Acushnet Fort was a fort that existed from 1776 to around 1820 on Eldridge Point in New Bedford, Massachusetts. It was originally built with Commonwealth resources during the American Revolution in 1776 with ten guns. Rebuilt in 1808 under the federal second system of fortifications, it could accommodate 40 men and had six guns and a magazine.

The fort's exact location, especially in the Revolution, is uncertain. The fort appears in the Secretary of War's reports for 1808 and 1811; thus it was a federal fort at that time.
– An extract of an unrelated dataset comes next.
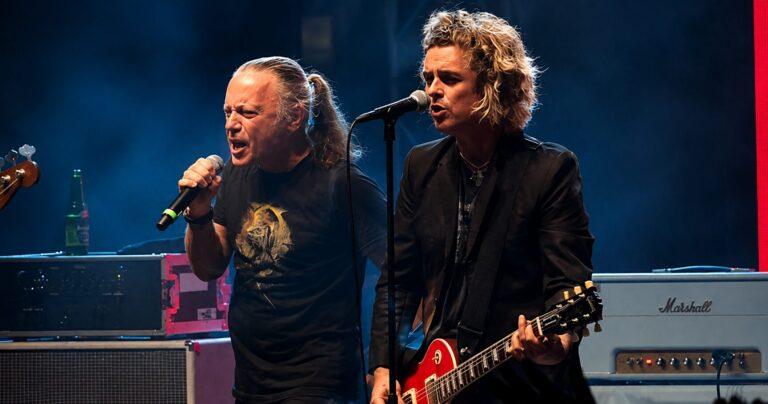 David Bowie ganha tributo de Billie Joe Armstrong e Bruce Dickinson em show do The Coverups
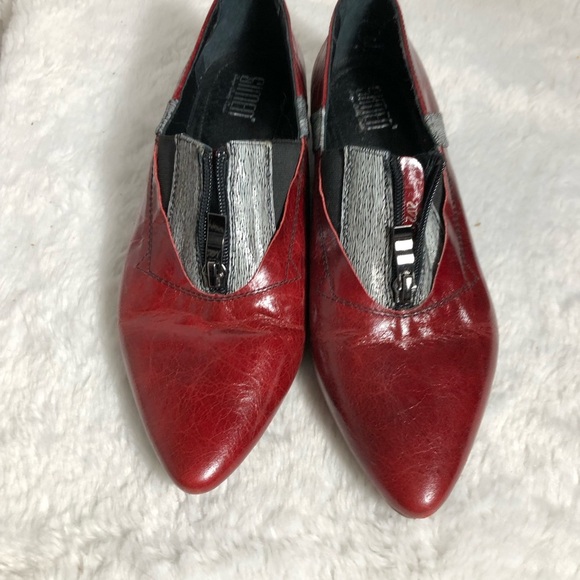 Women’s Red & Silver Shoes. Size 39 ( 8/8.5). Simen. - Picture 4 of 4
In 1808 the entry is: "At the entrance of the inner harbor of New Bedford, two miles below the town, a small enclosed work has been erected of stone, brick, and sod. It commands the entrance into the harbor for a mile and a half in a direct line...". In 1811 the entry is: "At Eldridge Point, which commands the entrance of the harbor; an enclosed work of masonry, mounting six heavy guns...". The "two miles below the town" implies the fort was at or near Clark's Point, later the site of Fort Rodman. Another possibility is the area of Fairhaven known as Poverty Point or Oxford Point, part of which was once owned by the Eldredge family, although this is north of the harbor entrance. Fairhaven was part of New Bedford until 1812.

A list of fort commanders shows that the Eldridge Point fort was commanded by Captain James Thomas of the Dragoons in 1810–1811, followed by 1st Lt. Henry Whiting, also of the Dragoons, in 1811–1812.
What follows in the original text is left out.